Bar Fight

A case in Maricopa County Superior Court is another distraction in the medical marijuana saga

Two lawyers walk into a bar.

Then the lawsuits start flying, and nobody gets to have any fun drinking, because the lawyers are throwing briefs around like bar stools and screaming at the judge to throw that motherfucker out of here, because he's drunk and he's spilling drinks all over everyone. So the drunk motherfucker screams at the judge a little, defending his actions, and the judge eventually hears enough and orders a bouncer to throw someone into the street.

Everyone wakes up the next day with a hangover, trying to remember exactly what happened and wondering if anyone really won the fight. The cannabis bar brawl continued May 22, when a group of nonprofit dispensary hopefuls from across the state, mostly the Phoenix valley, hurled a bar stool at the state Department of Health Services.

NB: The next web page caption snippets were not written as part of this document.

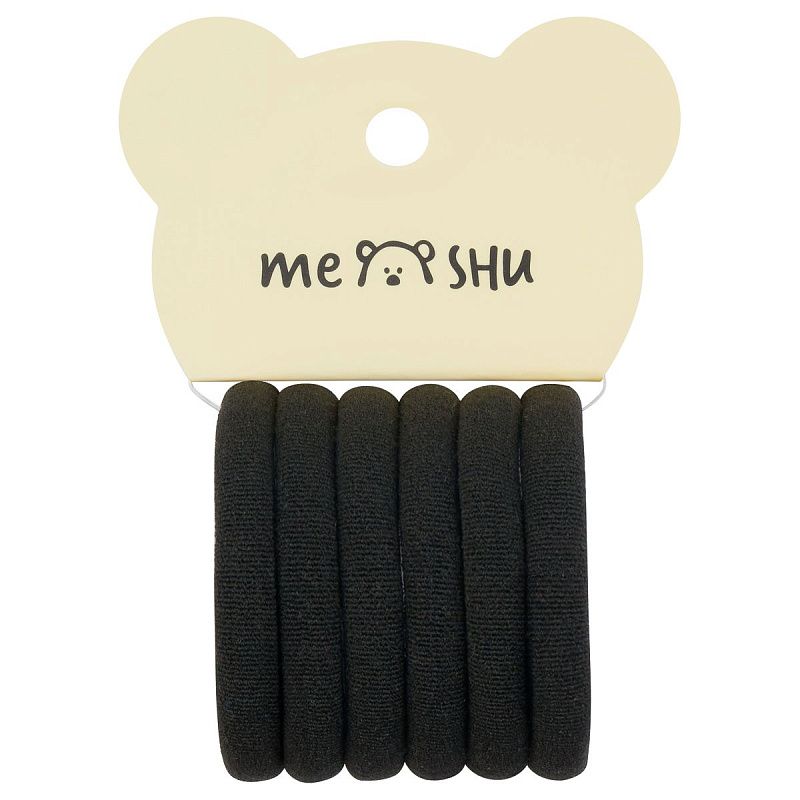 Резинки для волос MESHU "Essence", черные, 6шт., диаметр 4см, европодвес
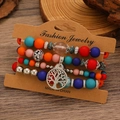 Ensemble de bracelets de perles bohèmes multicouches avec un charme arbre de vie - Multicolore (5053)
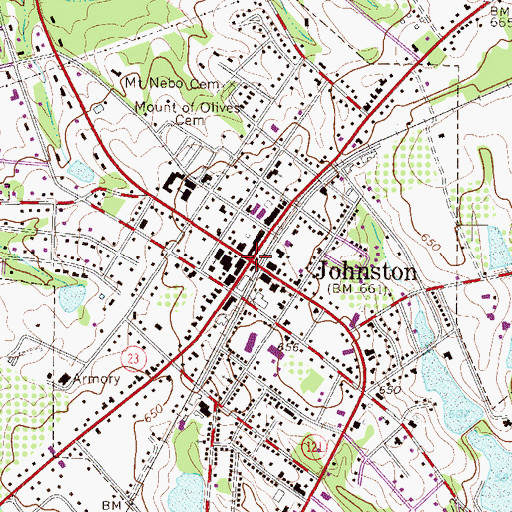 Topographic Map of Johnston, SC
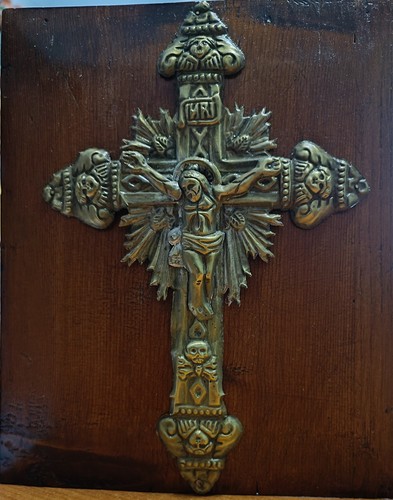Antico crocifisso ottone - antico, in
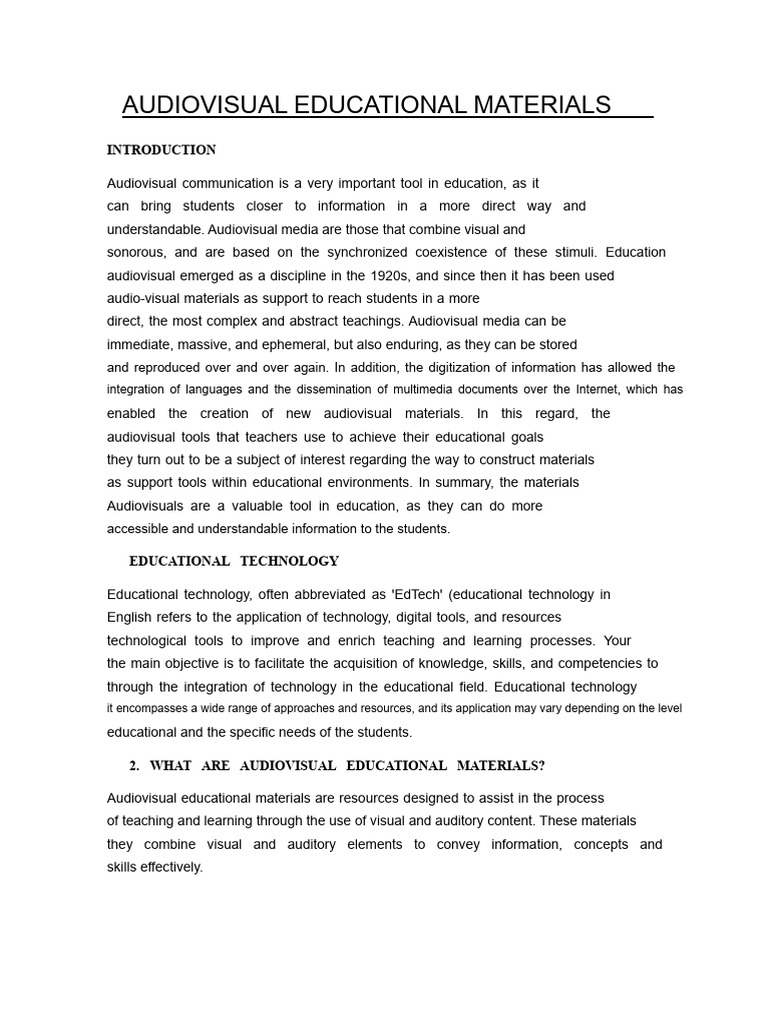 Audiovisual Educational Materials | PDF | Educational Technology ...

The Maricopa County Superior Court case stems from one brought last June by the White Mountain Health Center, a planned dispensary in the west valley. That dispensary was blocked from even applying to open because Maricopa County refused to issue a required zoning decision, even though White Mountain appeared to meet all of the applicable zoning requirements. Interestingly, there were no local requirements, meaning the only hurdle was a state requirement that the dispensary not be near a school. Maricopa County didn't reject the application; it simply ignored it. A judge sided with White Mountain, but the case is still pending an appeal because Maricopa County Attorney Bill Montgomery is a hater.

Meanwhile, other dispensary operators waited because they didn't want to make huge investments toward opening if they would never be allowed to. They hoped the precedent-setting White Mountain case would be resolved in time for them to meet a June 7 deadline to request a state inspection. Now it's clear they won't make it. So they sued.

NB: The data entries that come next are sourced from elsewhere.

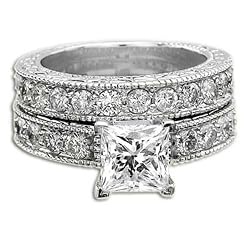 PRINCESS DIAMOND RING SET 2.30 CT D VS1 CERTIFIED 18K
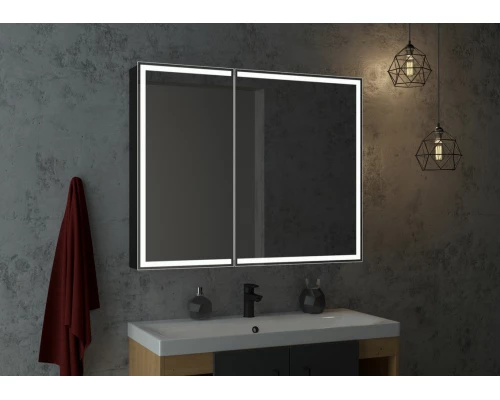 Зеркало-шкаф Mirror Box black Led 1000х800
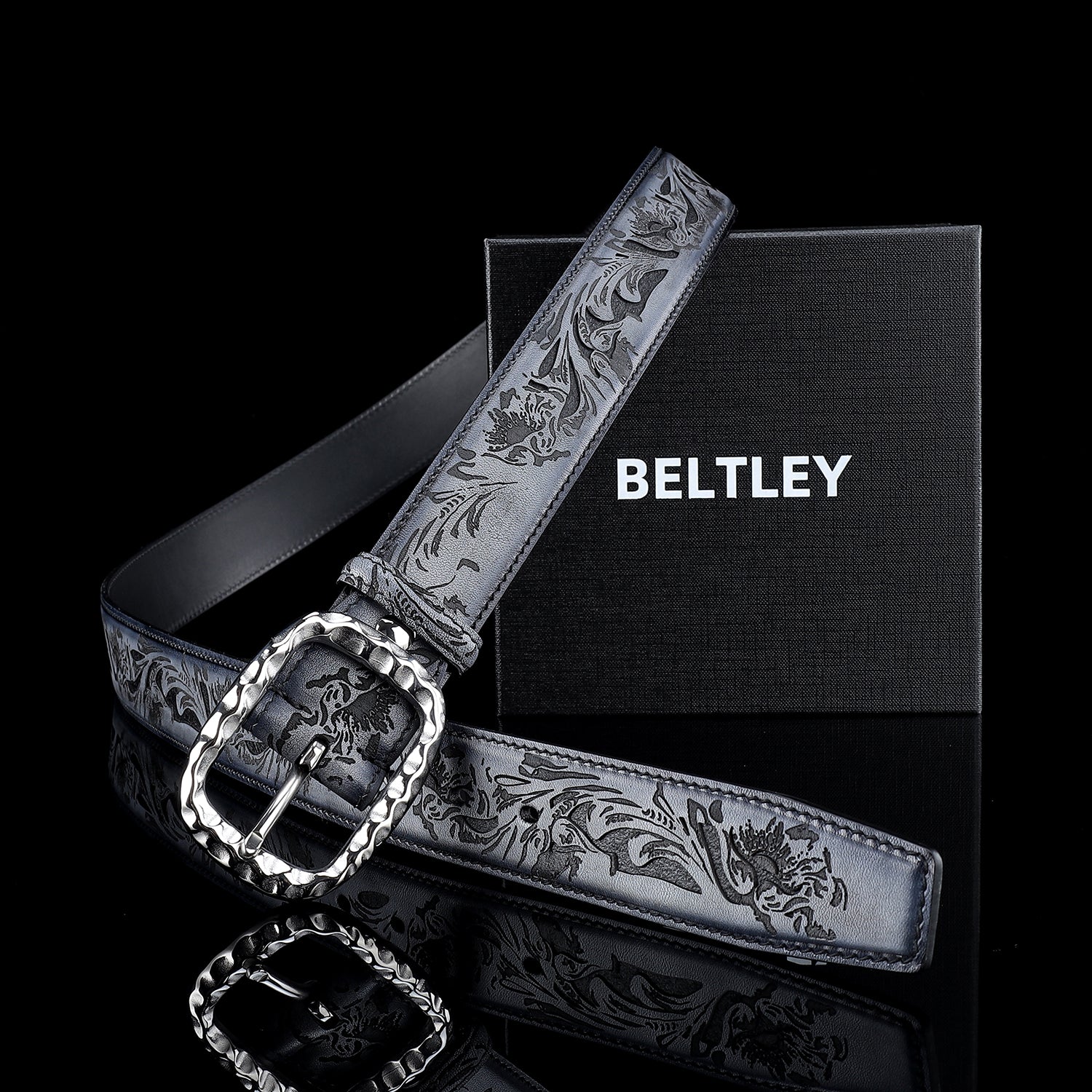 BELTLEY Men’s Unique Flower Leather Belt For Men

These latest lawsuiters claim they were "chilled" by the unresolved legal issues, meaning that the threat of legal sanction prevented them from exercising their right to open dispensaries. It wasn't their fault that the legality of dispensaries still hasn't been adjudicated, they said. They asked the court to nullify the time line, then set a more reasonable deadline for completing the application process.

Winning in court is important to the dispensaries, because if you ask the state for a dispensary certificate and don't open by the deadline, your officers and board members are banned from participating in the Arizona medical cannabis program. Ever. Period. Wtf?

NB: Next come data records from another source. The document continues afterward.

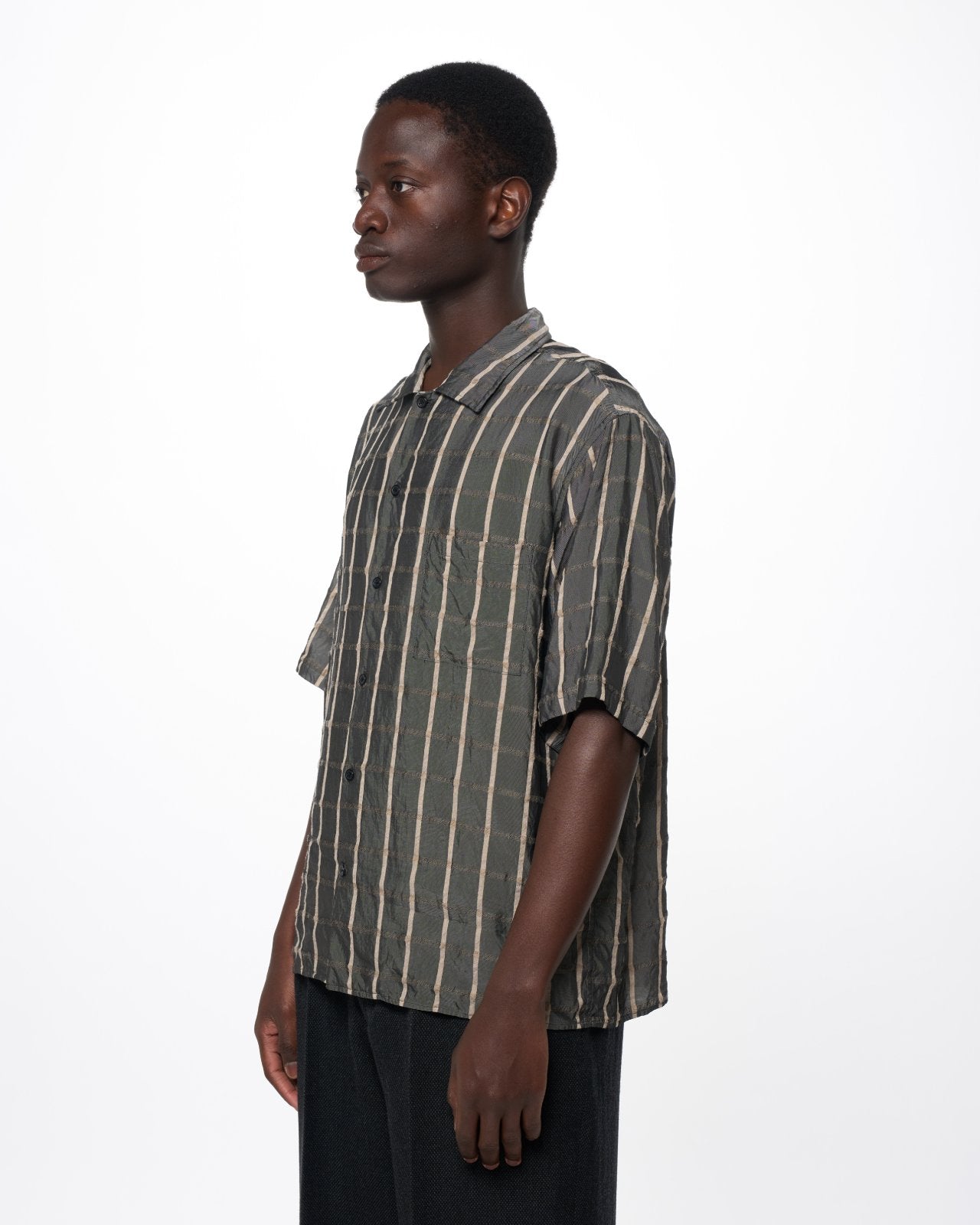 Cupra/Wool Twill / Open Collar S/S Shirt, Gray Check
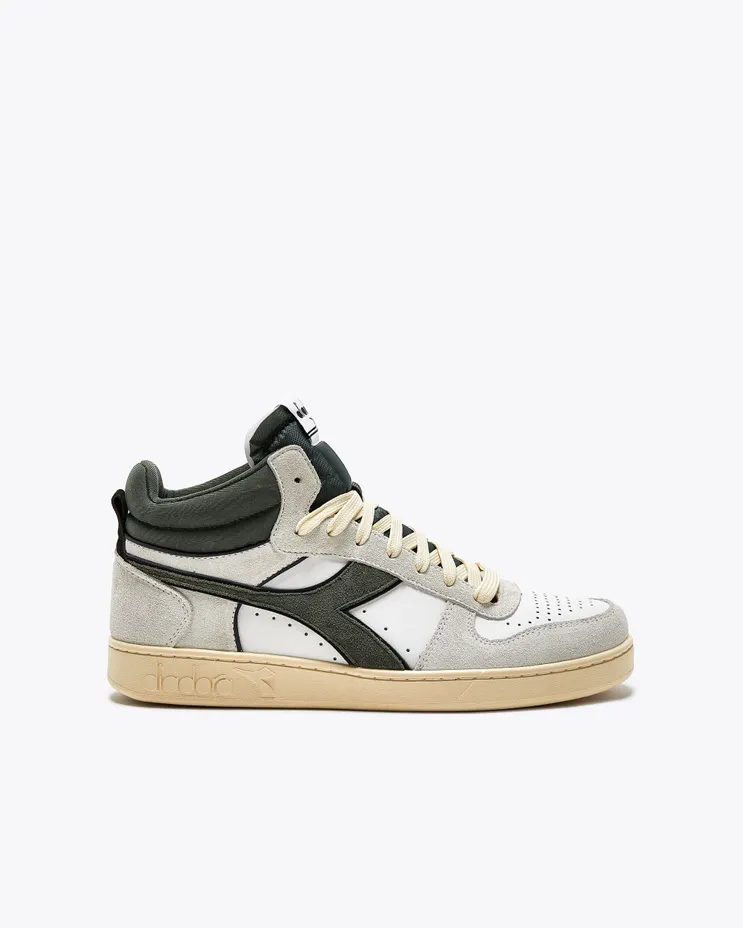 Diadora Magic Basket Demi Cut Suede Leather White / Dark Forest (501.178563_C7727)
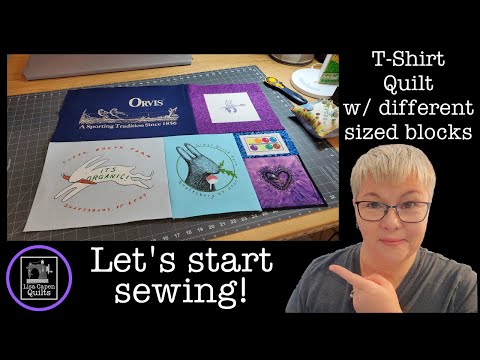 T-Shirt Quilt w/ Different Sized Blocks - Let's start sewing this top ...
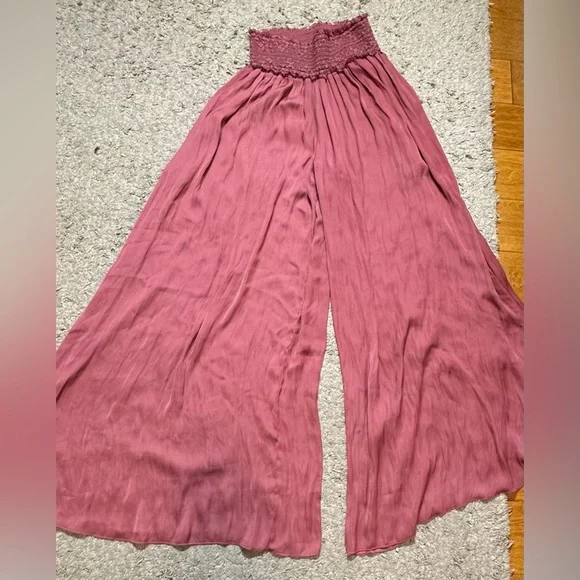Intimately Free People Pink Ultra High Waisted Wide Leg Dressy Pants Size Medium - Picture 4 of 9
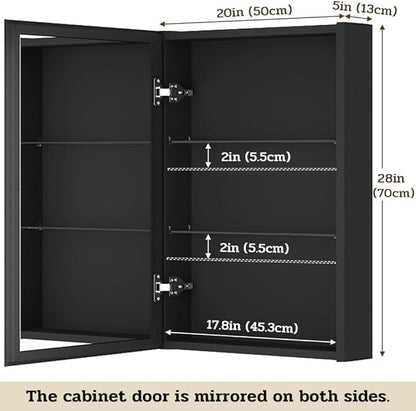Spliceable Modular Bathroom Medicine Cabinet with Soft Close Doors with Glass on Both Sides, Reversible Wall Mounted Mirror (28" L x 20" W)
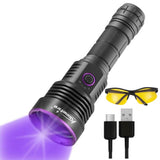 1 x RAW Customer Returns Alonefire SV43 36W 365nm UV Flashlight USB Rechargeable Ultraviolet Blacklight Pet Urine Detector for UV Resin, Fishing, Scorpion, Amber with Charging Station, UV Safety Goggles, Battery Included - RRP €71.02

This latest lawsuit brings the number of lawsuits over the Arizona Medical Marijuana Act to way, way too many. It would take both of my hands and part of my feet to count them all. You can look them up here (http://azdhs.gov/medicalmarijuana/dispensaries/lawsuits.htm).

So the lawyers are out on the town again, slamming drinks and getting all puffed up and snarling. They'll probably have a couple of beers and a shot or two at the first bar, bracing for the fight and yelling insults at the other lawyers. When the bartender cuts them off, they'll take the fight to another bar, where they'll keep drinking and start pushing and shoving. Eventually, punches will start flying and one side or the other will get their ass kicked and go home.

The winners will stand in the street, dripping blood on their torn shirts, shrieking at random strangers in the wee hours. "That's right, bitches! You should see the other guy! I fucked him up good!"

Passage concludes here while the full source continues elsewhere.